Dropout
Dropout: A Simple Way to Prevent Neural Networks from Overfitting
The key idea of drop out is to randomly drop units along with their connections from the neural network during training to prevent overfitting. It can be interpreted as a way of regularizing a NN by adding noise to its hidden units.
Introduction
With unlimited computation, the best way to "regularize" a fixed-sized model is to average the predictions of all possible settings of the parameters, weighting each setting by the posterior probability given the training data (\(P(\theta | X)\)). This approach is not feasible in real life especially when there is large computational cost for training neural networks and training data are limited.Dropout prevents overfitting and provides a way of approximately combining exponentially many neural network architectures effectively.

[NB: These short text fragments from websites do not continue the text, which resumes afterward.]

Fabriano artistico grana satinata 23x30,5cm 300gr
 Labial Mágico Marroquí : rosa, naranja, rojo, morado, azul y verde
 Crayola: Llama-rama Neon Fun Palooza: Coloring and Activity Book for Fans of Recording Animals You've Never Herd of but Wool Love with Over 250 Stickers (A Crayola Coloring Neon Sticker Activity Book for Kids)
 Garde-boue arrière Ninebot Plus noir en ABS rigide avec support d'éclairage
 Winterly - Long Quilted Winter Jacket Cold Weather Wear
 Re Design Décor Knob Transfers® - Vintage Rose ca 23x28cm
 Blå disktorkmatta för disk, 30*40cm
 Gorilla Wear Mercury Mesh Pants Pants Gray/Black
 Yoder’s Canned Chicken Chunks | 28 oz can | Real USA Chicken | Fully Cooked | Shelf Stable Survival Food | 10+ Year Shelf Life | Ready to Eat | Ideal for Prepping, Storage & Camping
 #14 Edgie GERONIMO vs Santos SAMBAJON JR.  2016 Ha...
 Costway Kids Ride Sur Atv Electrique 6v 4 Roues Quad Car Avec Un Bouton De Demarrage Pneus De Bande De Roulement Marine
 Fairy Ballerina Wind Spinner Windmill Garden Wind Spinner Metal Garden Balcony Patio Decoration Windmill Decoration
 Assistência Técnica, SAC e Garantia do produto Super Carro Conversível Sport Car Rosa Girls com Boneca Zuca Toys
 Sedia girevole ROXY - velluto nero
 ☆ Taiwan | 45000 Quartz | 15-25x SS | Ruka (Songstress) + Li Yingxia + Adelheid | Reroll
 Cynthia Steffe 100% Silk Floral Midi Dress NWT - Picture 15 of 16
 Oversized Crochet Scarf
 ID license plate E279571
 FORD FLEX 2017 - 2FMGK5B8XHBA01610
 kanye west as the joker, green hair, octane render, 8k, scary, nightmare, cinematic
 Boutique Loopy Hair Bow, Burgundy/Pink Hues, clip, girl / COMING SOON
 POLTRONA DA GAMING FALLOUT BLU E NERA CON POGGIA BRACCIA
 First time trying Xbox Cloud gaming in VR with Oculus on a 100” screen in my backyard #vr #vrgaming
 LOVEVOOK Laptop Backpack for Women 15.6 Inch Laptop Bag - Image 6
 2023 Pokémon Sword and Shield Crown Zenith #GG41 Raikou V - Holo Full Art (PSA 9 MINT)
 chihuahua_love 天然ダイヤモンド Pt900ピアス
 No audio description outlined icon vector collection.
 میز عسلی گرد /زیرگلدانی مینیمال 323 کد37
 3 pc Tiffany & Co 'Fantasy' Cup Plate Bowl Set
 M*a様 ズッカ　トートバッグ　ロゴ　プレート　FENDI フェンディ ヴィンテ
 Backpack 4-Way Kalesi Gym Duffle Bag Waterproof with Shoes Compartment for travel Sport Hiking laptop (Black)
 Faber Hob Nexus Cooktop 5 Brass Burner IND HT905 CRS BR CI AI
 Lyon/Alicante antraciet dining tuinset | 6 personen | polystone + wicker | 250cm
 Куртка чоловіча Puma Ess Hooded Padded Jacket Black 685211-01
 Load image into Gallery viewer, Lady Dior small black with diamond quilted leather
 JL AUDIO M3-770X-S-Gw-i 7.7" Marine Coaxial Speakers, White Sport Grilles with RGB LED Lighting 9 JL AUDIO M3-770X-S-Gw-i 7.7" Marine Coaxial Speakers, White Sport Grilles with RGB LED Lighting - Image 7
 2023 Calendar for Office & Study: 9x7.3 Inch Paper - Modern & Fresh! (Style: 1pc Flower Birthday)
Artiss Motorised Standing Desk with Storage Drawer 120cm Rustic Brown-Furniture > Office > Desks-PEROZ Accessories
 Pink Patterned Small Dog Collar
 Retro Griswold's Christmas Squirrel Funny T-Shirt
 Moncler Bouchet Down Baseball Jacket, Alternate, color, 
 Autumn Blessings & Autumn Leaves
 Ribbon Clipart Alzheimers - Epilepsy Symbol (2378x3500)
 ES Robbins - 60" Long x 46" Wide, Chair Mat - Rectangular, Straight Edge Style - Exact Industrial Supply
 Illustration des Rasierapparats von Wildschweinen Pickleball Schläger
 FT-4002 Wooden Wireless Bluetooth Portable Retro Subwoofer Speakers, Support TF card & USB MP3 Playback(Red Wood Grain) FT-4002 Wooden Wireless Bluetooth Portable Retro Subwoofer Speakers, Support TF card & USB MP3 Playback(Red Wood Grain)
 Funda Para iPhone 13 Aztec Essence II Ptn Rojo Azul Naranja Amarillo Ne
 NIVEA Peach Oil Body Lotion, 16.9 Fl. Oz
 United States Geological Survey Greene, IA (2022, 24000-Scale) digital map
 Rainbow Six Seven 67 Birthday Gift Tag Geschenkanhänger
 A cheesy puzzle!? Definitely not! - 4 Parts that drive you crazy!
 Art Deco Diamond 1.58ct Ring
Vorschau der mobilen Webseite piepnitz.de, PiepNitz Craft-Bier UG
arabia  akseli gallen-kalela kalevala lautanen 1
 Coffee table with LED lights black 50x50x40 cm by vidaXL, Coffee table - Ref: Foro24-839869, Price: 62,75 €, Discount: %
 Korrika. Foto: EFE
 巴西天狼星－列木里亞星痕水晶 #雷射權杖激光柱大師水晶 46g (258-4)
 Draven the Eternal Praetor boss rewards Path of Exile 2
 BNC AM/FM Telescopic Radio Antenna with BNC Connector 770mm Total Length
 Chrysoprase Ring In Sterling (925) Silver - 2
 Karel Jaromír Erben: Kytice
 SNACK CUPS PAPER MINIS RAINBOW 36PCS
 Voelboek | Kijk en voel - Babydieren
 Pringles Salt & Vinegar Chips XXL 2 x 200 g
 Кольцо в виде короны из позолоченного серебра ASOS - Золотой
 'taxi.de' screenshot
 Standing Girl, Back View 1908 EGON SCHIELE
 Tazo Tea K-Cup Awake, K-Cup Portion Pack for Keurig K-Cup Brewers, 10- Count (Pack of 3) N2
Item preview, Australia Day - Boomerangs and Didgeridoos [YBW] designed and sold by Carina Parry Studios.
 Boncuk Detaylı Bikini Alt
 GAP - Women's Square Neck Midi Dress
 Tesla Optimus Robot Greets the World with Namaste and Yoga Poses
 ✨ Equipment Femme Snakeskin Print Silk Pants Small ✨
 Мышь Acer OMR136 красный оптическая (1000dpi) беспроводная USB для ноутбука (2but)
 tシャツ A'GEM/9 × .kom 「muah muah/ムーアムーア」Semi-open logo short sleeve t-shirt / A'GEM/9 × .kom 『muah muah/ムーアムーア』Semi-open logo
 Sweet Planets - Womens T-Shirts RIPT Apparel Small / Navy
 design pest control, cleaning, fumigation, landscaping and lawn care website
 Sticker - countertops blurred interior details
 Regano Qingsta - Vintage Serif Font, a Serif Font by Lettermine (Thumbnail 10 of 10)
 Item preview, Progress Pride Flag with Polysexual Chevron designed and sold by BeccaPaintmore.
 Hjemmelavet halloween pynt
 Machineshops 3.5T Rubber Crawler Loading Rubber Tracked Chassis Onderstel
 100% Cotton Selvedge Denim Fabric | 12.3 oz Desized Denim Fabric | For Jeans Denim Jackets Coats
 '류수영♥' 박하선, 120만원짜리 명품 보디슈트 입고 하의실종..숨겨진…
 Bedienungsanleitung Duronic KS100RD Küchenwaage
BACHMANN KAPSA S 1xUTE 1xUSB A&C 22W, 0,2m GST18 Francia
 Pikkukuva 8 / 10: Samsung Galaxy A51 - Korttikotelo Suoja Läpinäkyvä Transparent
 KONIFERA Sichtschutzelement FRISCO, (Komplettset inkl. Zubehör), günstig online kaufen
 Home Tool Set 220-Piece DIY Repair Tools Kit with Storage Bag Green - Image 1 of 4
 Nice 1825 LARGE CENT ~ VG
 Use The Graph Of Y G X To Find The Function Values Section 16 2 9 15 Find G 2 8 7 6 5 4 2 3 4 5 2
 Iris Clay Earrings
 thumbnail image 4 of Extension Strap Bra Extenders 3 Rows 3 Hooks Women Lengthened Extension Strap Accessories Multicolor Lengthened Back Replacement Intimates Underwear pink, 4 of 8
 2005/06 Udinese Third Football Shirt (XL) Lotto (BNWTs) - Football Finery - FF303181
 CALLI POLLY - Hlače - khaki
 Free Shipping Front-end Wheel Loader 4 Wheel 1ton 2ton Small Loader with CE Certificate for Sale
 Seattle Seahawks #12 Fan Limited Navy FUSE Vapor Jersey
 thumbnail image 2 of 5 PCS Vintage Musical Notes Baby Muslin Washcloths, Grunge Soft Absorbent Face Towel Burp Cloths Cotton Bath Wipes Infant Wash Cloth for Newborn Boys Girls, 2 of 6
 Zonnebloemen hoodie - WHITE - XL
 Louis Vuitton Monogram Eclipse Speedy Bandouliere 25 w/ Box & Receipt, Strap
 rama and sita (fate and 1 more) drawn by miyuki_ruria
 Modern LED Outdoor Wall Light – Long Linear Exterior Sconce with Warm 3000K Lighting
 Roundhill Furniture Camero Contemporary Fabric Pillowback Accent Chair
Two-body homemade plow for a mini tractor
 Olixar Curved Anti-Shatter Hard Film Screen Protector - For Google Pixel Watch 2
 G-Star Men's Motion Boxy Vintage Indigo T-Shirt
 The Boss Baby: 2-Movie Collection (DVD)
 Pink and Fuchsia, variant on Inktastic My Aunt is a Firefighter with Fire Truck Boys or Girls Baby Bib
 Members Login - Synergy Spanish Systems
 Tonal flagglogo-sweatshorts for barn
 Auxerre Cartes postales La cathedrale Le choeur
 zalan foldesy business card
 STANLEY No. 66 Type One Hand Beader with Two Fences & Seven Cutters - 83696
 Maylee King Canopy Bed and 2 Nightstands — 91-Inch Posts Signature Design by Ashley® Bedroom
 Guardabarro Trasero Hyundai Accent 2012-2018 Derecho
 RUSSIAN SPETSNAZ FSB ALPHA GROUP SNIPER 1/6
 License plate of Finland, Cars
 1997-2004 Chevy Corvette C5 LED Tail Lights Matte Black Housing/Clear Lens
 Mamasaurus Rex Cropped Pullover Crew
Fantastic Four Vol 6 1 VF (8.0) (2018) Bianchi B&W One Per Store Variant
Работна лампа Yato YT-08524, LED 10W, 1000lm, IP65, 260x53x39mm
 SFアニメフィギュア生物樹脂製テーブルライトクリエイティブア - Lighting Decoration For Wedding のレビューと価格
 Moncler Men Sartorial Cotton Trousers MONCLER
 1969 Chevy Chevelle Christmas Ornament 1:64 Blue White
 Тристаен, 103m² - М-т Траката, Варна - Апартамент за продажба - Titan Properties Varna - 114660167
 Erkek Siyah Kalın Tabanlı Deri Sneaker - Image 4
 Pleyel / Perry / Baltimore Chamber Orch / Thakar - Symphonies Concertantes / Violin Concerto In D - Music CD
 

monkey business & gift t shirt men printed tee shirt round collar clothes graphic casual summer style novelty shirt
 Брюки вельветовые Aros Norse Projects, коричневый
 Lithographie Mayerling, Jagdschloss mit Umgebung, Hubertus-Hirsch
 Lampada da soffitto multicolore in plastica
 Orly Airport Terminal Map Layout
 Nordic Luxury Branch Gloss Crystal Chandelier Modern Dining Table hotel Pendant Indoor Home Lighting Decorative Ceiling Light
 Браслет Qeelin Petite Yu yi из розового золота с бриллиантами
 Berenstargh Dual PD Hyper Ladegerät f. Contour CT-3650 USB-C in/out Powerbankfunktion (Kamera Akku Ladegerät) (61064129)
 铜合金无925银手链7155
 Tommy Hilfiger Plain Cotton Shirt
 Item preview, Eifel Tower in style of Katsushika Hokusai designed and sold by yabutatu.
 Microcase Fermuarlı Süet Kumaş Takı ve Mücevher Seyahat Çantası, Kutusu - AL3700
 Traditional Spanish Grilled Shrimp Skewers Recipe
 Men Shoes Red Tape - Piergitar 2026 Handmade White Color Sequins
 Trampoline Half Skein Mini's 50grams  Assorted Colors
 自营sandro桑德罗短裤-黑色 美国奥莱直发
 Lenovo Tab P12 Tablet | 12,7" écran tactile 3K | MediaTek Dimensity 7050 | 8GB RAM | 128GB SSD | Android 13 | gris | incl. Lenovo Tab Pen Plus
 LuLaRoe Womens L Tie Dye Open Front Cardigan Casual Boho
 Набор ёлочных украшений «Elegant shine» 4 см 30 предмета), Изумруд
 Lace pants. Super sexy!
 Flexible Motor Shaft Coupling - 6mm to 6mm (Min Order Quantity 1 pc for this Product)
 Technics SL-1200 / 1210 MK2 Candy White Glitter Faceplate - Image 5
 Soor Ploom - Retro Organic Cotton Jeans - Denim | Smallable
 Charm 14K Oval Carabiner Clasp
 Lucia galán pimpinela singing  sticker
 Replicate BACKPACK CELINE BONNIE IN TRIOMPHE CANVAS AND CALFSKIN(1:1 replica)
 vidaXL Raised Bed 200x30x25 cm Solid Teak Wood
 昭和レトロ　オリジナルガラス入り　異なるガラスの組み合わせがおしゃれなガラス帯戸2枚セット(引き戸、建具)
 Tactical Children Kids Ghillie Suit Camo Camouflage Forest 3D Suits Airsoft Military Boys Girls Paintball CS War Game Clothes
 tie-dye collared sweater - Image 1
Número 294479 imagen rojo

Dropout temporarily removes units from the network along with all their incoming and outgoing connections. The choice of which units to drop is random.
At training time, for a NN with \(n\) units, Dropout can be seen as training a collection of \(2^n\) (each unit can be retained or removed by dropout, so \(2^n\) different combinations) thinned networks (some units are dropped by dropout) with extensive weight sharing where each thinned network gets trained very rarely.
At test time, it is not feasible to explicitly average the predictions form exponentially many thinned models. However, we use a single NN without dropout by scaling-down the weights of this network. If an unit is retained with probability \(p\) during traning, the outgoing weights of that unit are multiplied by \(p\) at the test time. This ensures that the expected output is the same as the actual output at the test time (we use expected output at test time).